Ci sono le palme e il riflesso argenteo delle piscine. C’è il sole che brucia i corpi già abbronzati, schierati come soldati affogati sui prati verdi di candide e lussuose ville. Ci sono i ragazzi, taluni che vanno a studiare a Yale e altri che restano, a ubriacarsi di cocktail e droga per schiaffeggiar la morte. Ci sono istinti usati come armi e altri che sempre fanno capo alla sfera delle passioni ma che invece feriscono a morte.

Sembra Palm Springs, sembra Orange County, sembra Beverly Hills e invece è la Puglia. Il nostro Sud si mostra in assenza di spazio e tempo, mentre pian piano emergono le sue più brucianti caratteristiche e ogni profonda contraddizione.
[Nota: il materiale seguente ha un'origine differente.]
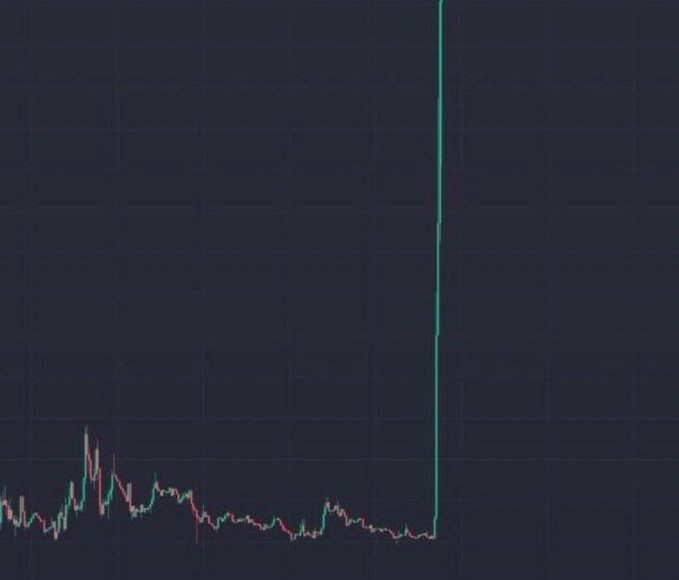 A cryptocurrency price chart showing a sudden dramatic vertical spike upward from a relatively flat trading pattern.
E’ un Sud che palpita e si espande verso il mondo quello descritto da Giuliana Altamura in Corpi di Gloria – edito da Marsilio – un Sud che anela l’America e la fa sua, mentre si consuma in un’Estate rovente e spietata.

Gloria è una ragazza come tante, l’oggetto su cui si sofferma l’obbiettivo mentre il suo sguardo rimane impassibile come quello delle Vergini Suicide di Sofia Coppola. Intanto il corpo e l’anima urlano, insieme si autodistruggono e amano, nel tentativo di crescere e affrancarsi dagli occhi dell’altro.

Corpi di Gloria è un romanzo sull’adolescenza, che appare mai priva di turbamenti e sconfitte, ma soprattutto è un romanzo sul nostro Sud, guardato da due angolazioni diverse e fondamentali. Lo sguardo di chi vi appartiene, che lo spazio ingloba e risputa come il rigetto di un trapianto e lo sguardo di chi l’ha lasciato e per breve tempo torna ad amarlo e insieme compatirlo.

Quello di Giuliana Altamura – già definita la Bret Easton Ellis italiana – è un esordio potente, capace di descrivere in tono spietato e lucido una borghesia annoiata e distratta. Il cambiamento, l’unico forse possibile, non potrà che realizzarsi attraverso il trauma o il delitto, unico evento capace di scuotere il corpo dal suo torpore e innalzarlo alla gloria.